Exercise —
Read the records beneath this task and copy every line that contains the string "Shirt".

◆ ◆ ◆ ◆ ◆

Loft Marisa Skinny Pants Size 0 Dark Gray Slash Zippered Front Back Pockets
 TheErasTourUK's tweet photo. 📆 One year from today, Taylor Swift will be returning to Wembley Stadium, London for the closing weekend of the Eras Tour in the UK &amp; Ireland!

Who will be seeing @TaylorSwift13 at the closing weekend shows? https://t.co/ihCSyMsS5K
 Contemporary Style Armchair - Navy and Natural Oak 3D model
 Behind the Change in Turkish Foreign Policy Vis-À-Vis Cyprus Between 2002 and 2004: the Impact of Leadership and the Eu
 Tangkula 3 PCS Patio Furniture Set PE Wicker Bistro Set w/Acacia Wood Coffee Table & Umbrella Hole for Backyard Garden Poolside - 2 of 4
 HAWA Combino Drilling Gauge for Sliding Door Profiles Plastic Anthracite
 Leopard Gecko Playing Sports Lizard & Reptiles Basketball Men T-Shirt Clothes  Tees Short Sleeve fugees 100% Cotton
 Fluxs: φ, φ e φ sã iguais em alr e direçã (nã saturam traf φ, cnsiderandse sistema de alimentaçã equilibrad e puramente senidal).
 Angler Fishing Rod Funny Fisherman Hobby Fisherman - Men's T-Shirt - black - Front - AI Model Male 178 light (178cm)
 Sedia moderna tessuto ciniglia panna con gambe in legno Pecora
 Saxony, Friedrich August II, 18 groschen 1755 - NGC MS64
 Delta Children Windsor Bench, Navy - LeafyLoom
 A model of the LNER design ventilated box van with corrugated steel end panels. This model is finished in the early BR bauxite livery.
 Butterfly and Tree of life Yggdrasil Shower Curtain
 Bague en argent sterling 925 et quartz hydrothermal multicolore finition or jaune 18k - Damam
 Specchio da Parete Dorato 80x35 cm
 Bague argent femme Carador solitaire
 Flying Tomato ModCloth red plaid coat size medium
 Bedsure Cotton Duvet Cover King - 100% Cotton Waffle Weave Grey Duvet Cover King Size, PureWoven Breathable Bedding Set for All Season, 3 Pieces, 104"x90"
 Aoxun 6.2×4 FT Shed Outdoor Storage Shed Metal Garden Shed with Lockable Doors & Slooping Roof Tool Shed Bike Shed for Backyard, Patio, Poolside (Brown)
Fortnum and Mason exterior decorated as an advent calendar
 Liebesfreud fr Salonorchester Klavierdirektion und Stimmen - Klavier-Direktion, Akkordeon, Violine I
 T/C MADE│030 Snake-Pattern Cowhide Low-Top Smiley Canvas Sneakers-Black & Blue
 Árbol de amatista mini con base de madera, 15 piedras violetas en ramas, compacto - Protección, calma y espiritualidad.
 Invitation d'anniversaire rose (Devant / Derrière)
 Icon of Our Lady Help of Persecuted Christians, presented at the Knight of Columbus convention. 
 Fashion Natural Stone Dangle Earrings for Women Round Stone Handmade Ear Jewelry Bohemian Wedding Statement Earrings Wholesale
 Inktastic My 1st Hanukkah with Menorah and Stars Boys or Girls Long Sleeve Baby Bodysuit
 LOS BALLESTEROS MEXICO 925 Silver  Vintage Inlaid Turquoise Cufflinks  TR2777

◆ ◆ ◆ ◆ ◆

Written solution —
 Leopard Gecko Playing Sports Lizard & Reptiles Basketball Men T-Shirt Clothes  Tees Short Sleeve fugees 100% Cotton
 Angler Fishing Rod Funny Fisherman Hobby Fisherman - Men's T-Shirt - black - Front - AI Model Male 178 light (178cm)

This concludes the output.